*** Data shown ***

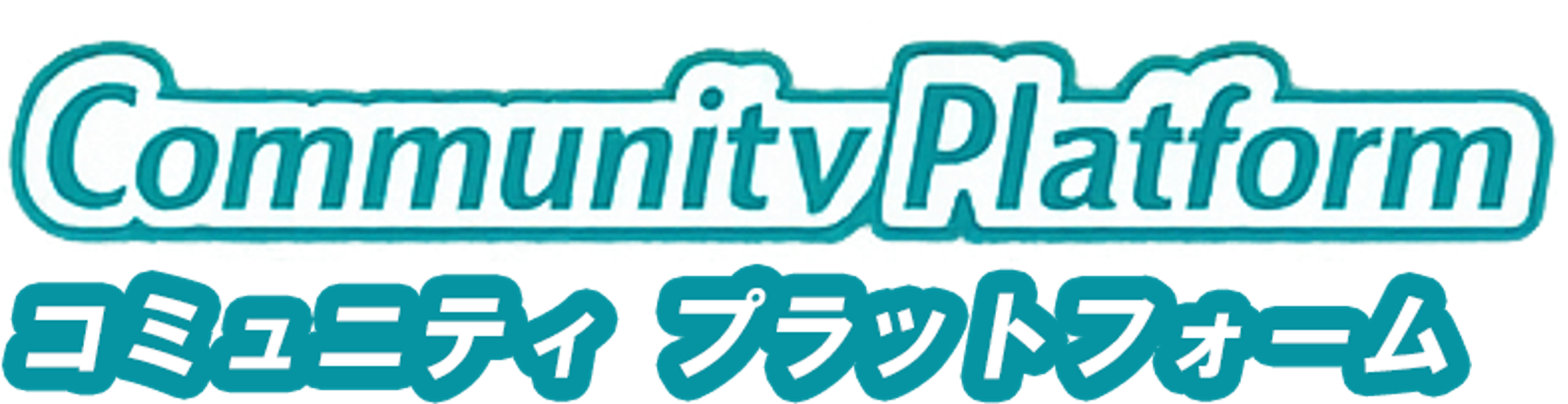 Community Platform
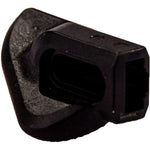 Shimano SW-M8050 A lever right hand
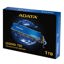 ADATA Legend 700 1TB thumbnail 2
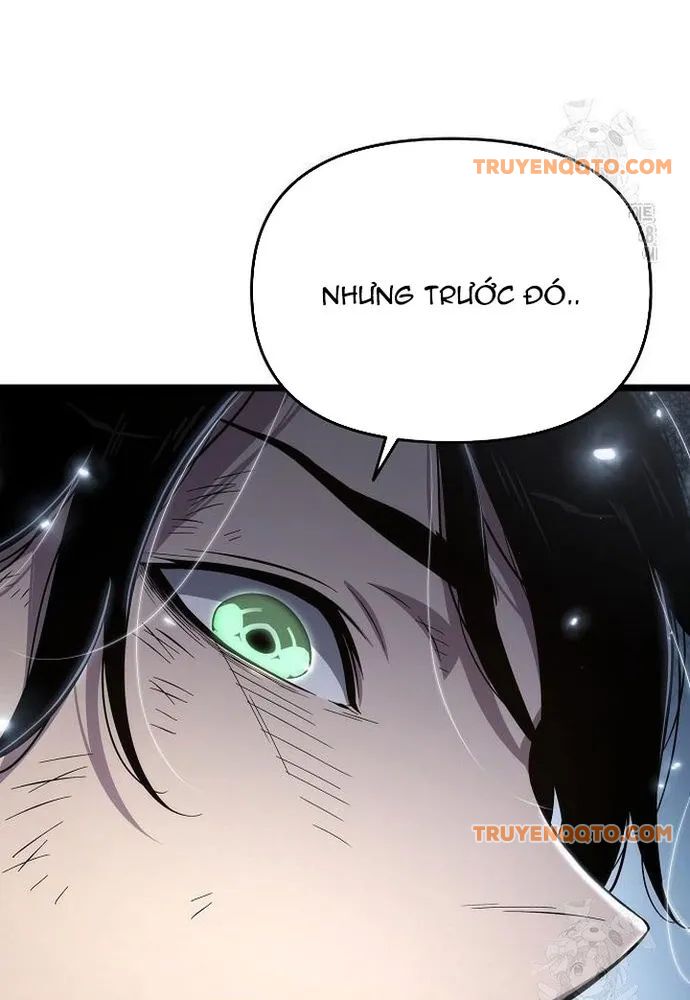 Linh Mục Tha Hóa Chapter 77 - 100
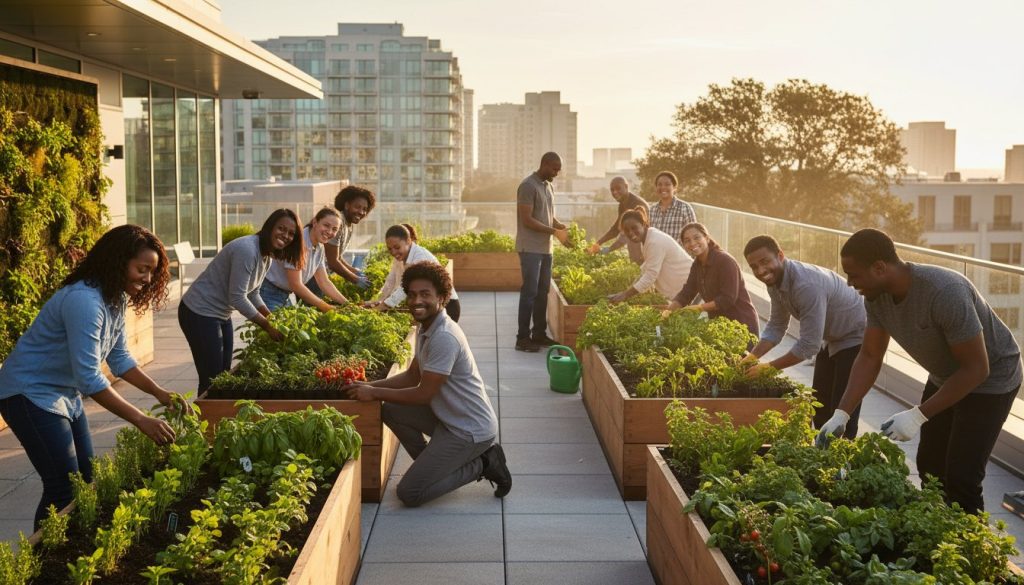 Holistic Care in Public Health: A Path to Community-Wide Wellness in 2026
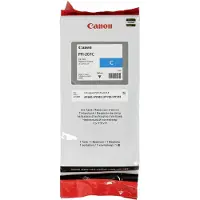 Canon Pfi-207 Blekkpatron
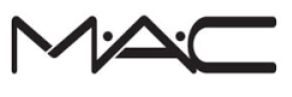 MAC Cosmetics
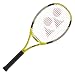Yonex RDS 001 (2008) Tennis Racquet 90 sq in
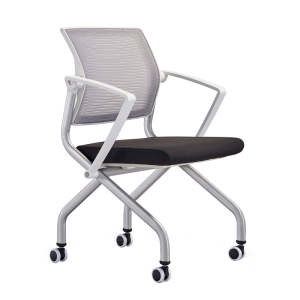 景冠达座椅600*510*830mm把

*** End of Data shown ***

Please return the records above exactly as written, dropping every picture.

Your solution -
 Community Platform
 Shimano SW-M8050 A lever right hand
 ADATA Legend 700 1TB thumbnail 2
 Linh Mục Tha Hóa Chapter 77 - 100
 Holistic Care in Public Health: A Path to Community-Wide Wellness in 2026
 Canon Pfi-207 Blekkpatron
 MAC Cosmetics
Yonex RDS 001 (2008) Tennis Racquet 90 sq in
 景冠达座椅600*510*830mm把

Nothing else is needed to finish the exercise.